The dichotomy of toy soldiers
At one point during the event, Hartley asked the audience whether one of his pieces, “Sightline,” was about play or war. The oil painting shows a toy soldier holding his weapon as if he is ready for action. When they answered, Hartley asked to hear their explanations.
One woman in the audience guessed “play” while another guessed “war.”
“Well guess what? You’re both right,” Hartley said.
The artist clarified later, telling art students in the audience to contemplate different interpretations of their work, using “Sightline” as an example.
“[The viewer’s] thought may be more interesting than your initial thought,” Hartley said.
White doll painted black
One of the oil paintings exhibited titled “My Best Friend” depicts a dark-skinned doll with chipped paint displayed sideways.

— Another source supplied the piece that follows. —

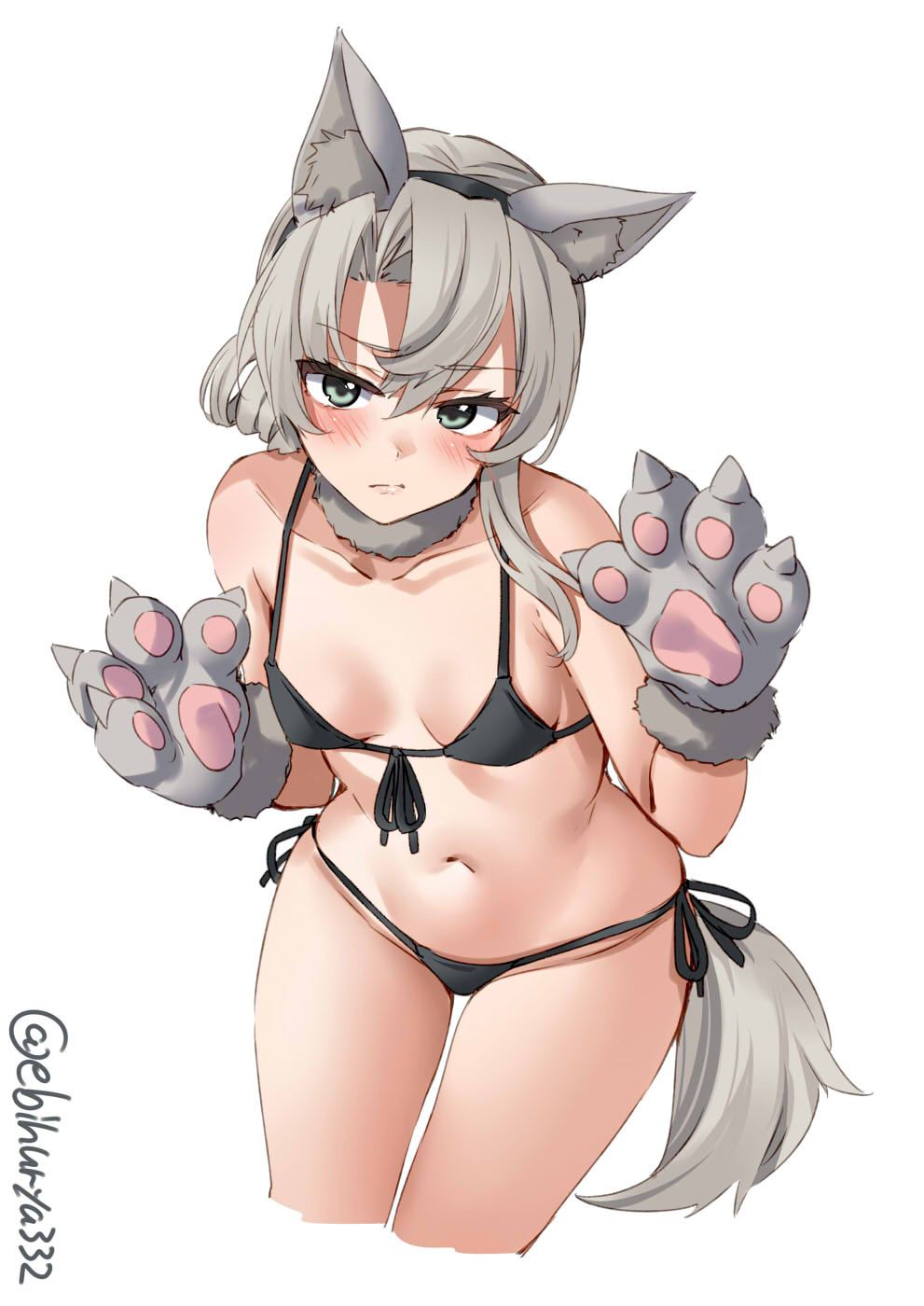 1girl, alternate_costume, animal_ears, animal_hands, asymmetrical_hair, blush, breasts, closed_mouth, collarbone, cropped_legs, ebifurya, feet_out_of_frame, female_focus, gloves, grey_eyes, groin, hair_between_eyes, hands_up, highres, kantai_collection, looking_at_viewer, navel, nowaki_(halloween)_(kancolle), nowaki_(kancolle), paw_gloves, short_hair, silver_hair, simple_background, small_breasts, solo, tail, twitter_username, white_background, wolf_ears, wolf_paws, wolf_tail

Hartley told the audience how he acquired the doll pictured, which his wife found for him while on a business trip.
“The doll was kind of scratched up. If you look at, it there’s some pink on the nose. That’s not something I created. It was actually a white doll-baby that was painted dark to match an African American’s complexion. So the baby-doll was made, in my mind, by a child,” Hartley said.
The piece is jarring in its display, with the head of the doll facing down. He said this choice of framing was intentional.

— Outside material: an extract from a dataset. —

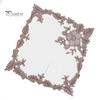 Coffee Shop Table Linens Square Lace Placemat for Dining Table, Embroidered Mesh Heat Resistant Decorative Mats Mat, Retro Floral Coaster Kitchen Home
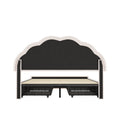 Oikiture Queen Double King Single Bed Frame LED Headboard with 4 Drawers Pink - Queen / Beige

“This one… I actually wanted it to be uncomfortable. [Dolls], in general, are kind of weird toys. In fact, my wife calls them ‘soul suckers,’” Hartley said. “There is something really uncomfortable with them because some of them are so poorly styled, but as kids we fall in love with them— they’re a likeness of us. We don’t realize that they’re pretty inaccurate representations of us.”
A crowd of approximately 100 people stayed during the reception.
“It was a really nice size crowd. The thing that impressed me most about the event was the questions the students asked,” Elisa Crowder, gallery attendant, said. “Those were mainly art students, but not everybody who asked a question was an art student. I thought they asked really insightful questions, and things that will help them grow as [artists].”